▶ _Material provided_:
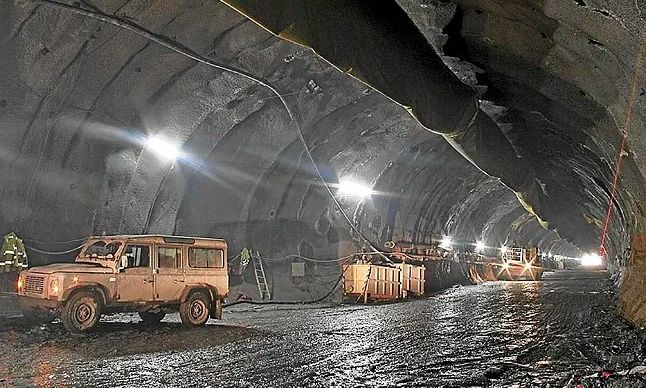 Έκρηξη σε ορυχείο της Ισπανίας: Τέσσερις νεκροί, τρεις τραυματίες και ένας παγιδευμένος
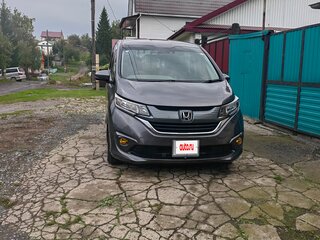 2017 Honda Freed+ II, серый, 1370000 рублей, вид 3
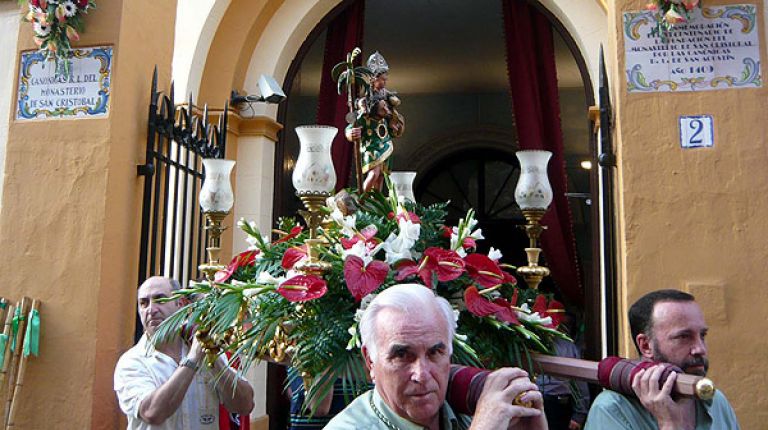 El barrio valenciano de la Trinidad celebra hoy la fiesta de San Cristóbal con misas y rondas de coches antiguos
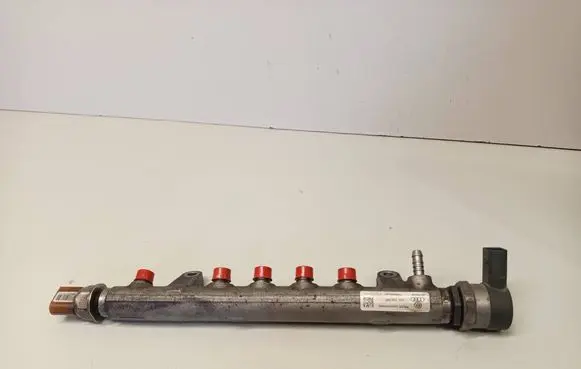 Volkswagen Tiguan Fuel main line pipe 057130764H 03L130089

--

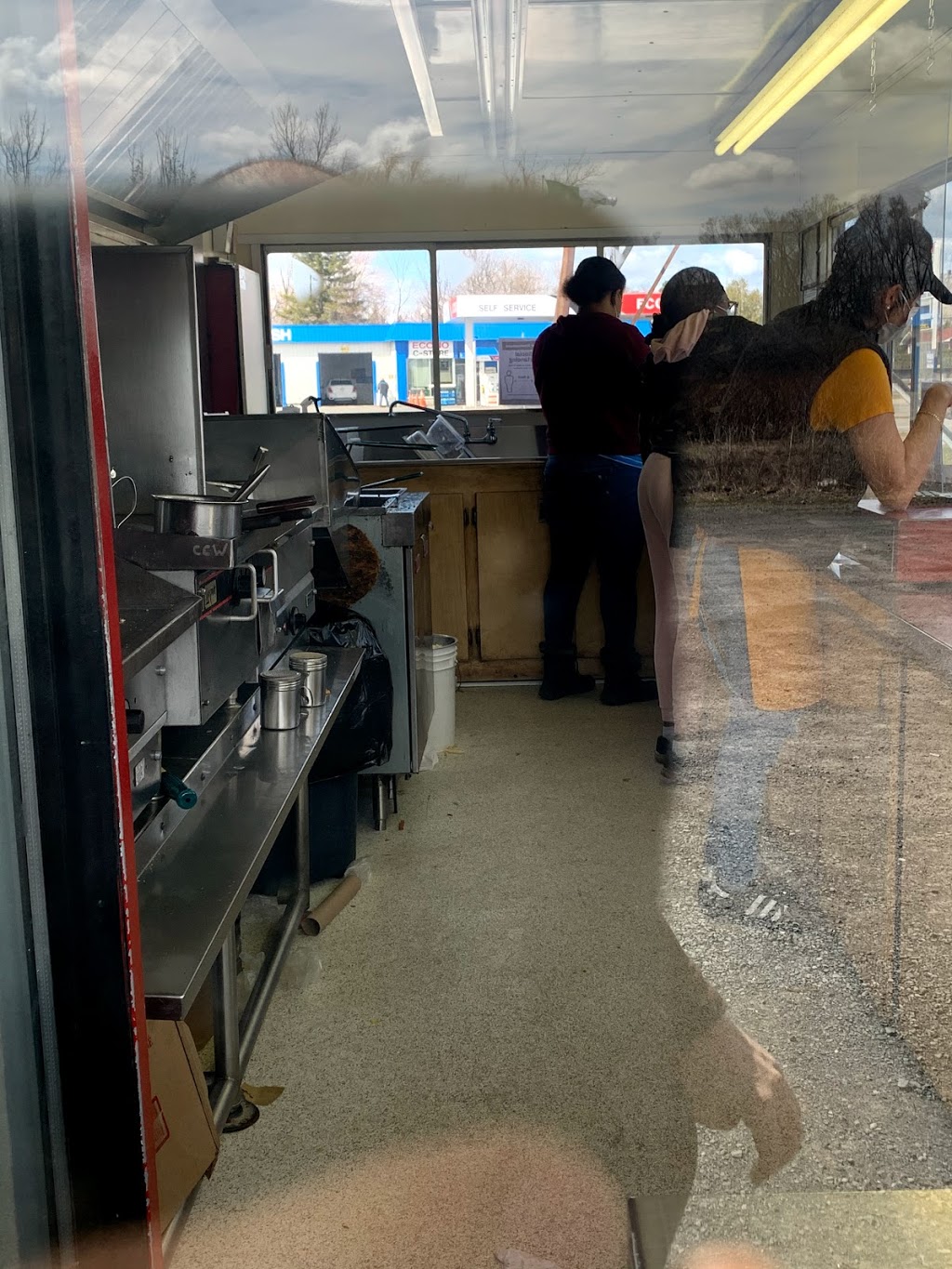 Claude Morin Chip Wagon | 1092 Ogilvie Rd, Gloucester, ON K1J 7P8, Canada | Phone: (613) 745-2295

▶ _What you have to do_: In the listing above, find the line containing "Έκρηξη σε ορυχείο" and the line containing "Volkswagen Tiguan Fuel", then print exactly those two lines and every line between them, minus the pictures.

▶ _Solution_:
 Έκρηξη σε ορυχείο της Ισπανίας: Τέσσερις νεκροί, τρεις τραυματίες και ένας παγιδευμένος
 2017 Honda Freed+ II, серый, 1370000 рублей, вид 3
 El barrio valenciano de la Trinidad celebra hoy la fiesta de San Cristóbal con misas y rondas de coches antiguos
 Volkswagen Tiguan Fuel main line pipe 057130764H 03L130089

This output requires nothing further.